REP: 118 Title: Depth Images Author: Patrick Mihelich <mihelich@willowgarage.com> Status: Final Type: Standards Track Content-Type: text/x-rst Created: 01-Dec-2011 ROS-Version: Fuerte Post-History: 06-Dec-2011
This REP defines a representation for depth images in ROS. Depth images may be produced by a variety of camera technologies, including stereo, structured light and time-of-flight.
Depth images are published as sensor_msgs/Image encoded as 32-bit float. Each pixel is a depth (along the camera Z axis) in meters.
The non-finite values NaN, +Inf and -Inf have special meanings as defined by REP 117.
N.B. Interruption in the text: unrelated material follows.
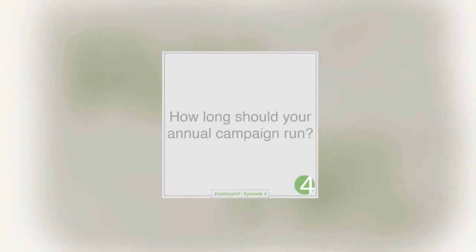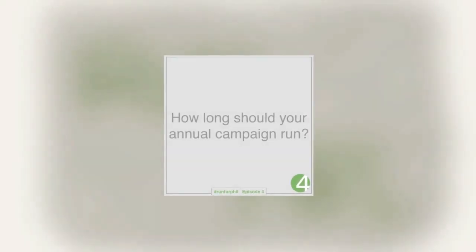Moving on to question two. Question two is a shorter one, but there's a varying degree of ideas that go along with it. How long should your annual campaign run? Let's set aside what an annual campaign might be for now, although I expect to hear some people talk about what they think an annual campaign is, the pros and cons of it.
The ROS API for producers of depth images follows the standard camera driver API. Depth images are published on the image topic. The camera_info topic describes how to interpret the depth image geometrically. Whereas each pixel in a standard image can only be projected to a 3D ray, the depth image can (given the camera calibration) be converted to a 3D point cloud.
Alternatively, a device driver may publish depth images encoded as 16-bit unsigned integer, where each pixel is depth in millimeters. This differs from the standard units recommended in REP 103.
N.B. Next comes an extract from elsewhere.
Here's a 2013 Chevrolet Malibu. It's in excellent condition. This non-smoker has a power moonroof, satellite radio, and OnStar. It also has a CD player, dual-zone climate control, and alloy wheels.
The value 0 denotes an invalid depth, equivalent to a NaN floating point distance.
Raw depth images are published on the image_raw topic. The image_pipeline stack will provide a nodelet to convert the image_raw topic to the canonical image topic.
Consumers of depth images are only required to support the canonical floating point representation.
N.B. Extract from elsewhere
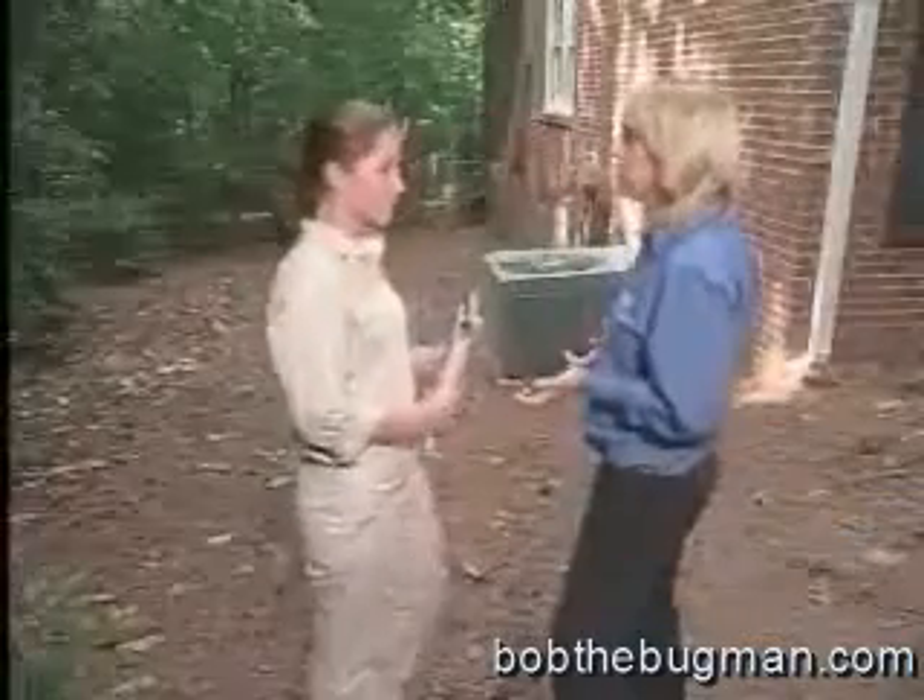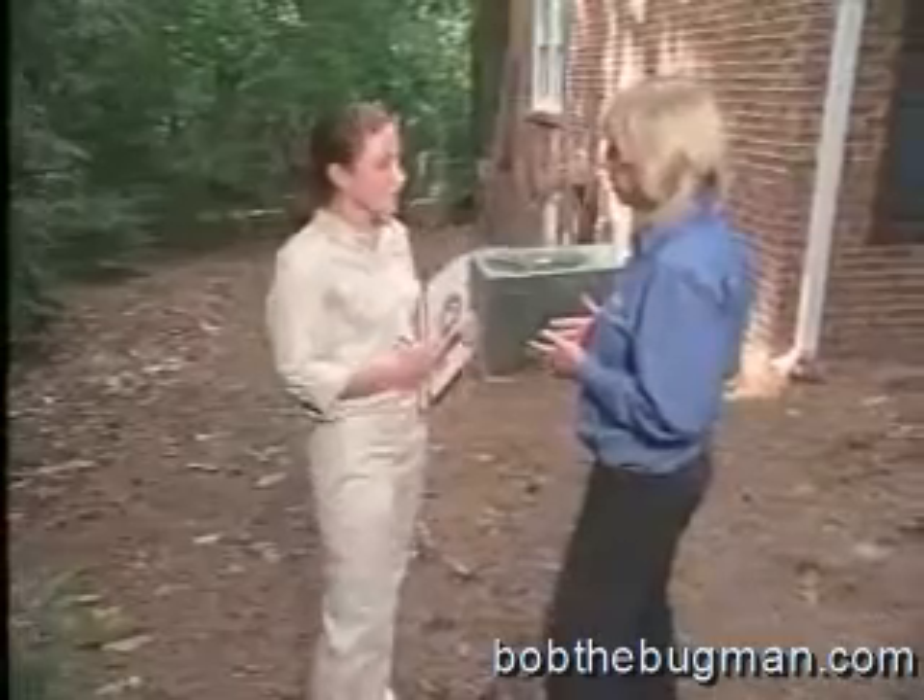Hey Linda, are you finding any problems? Not yet, but I just got started. What are you looking for exactly? I'm looking for signs of termites, which are little bugs about the size of ants. They eat wood, right?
With the addition of depth images, ROS now has three messages suitable for representing dense depth data: sensor_msgs/Image, sensor_msgs/DisparityImage, and sensor_msgs/PointCloud2. PointCloud2 is more general than a depth image, but also more verbose. The DisparityImage representation however is very similar.
The DisparityImage message exists for historical reasons: stereo cameras were used with ROS long before any other type of depth sensor, and disparity images are the natural "raw" output of stereo correlation algorithms. For some vision algorithms (e.g. VSLAM), disparities are a convenient input to error metrics with pixel units.
In practice, the DisparityImage message also has drawbacks.
- It is tied to the stereo approach to 3D vision. Representing the output of a time-of-flight depth camera as a DisparityImage would be awkward.
- Converting a disparity image to a point cloud requires two CameraInfo messages, for the left and right camera. Converting a depth image requires only one CameraInfo message.
- It cannot be used with image_transport. Using sensor_msgs/Image already permits reasonable compression of 16-bit depth images with PNG, and easily allows adding compression algorithms specialized for depth images.
- A major feature of OpenNI is registering the depth image to align with the RGB image, taken with a different camera. Registering a disparity image to a different camera frame is difficult to describe precisely, because converting disparity to depth depends on parameters (focal length and baseline) of the original camera.
- In most robotics applications, depth is actually the quantity of interest.
sensor_msgs/DisparityImage will continue to exist for backwards compatibility and for applications where it truly is the better representation. The image_pipeline stack will provide a nodelet for converting depth images to disparity images. Producers of dense depth data are encouraged to use sensor_msgs/Image instead of sensor_msgs/DisparityImage.
Disparity images are represented by a distinct sensor_msgs/DisparityImage type, so why not define a sensor_msgs/DepthImage?
Defining a new image-like message incurs significant tooling costs. The new message is incompatible with image_transport, standard image viewers, and various utilities such as converters between bags and images/video.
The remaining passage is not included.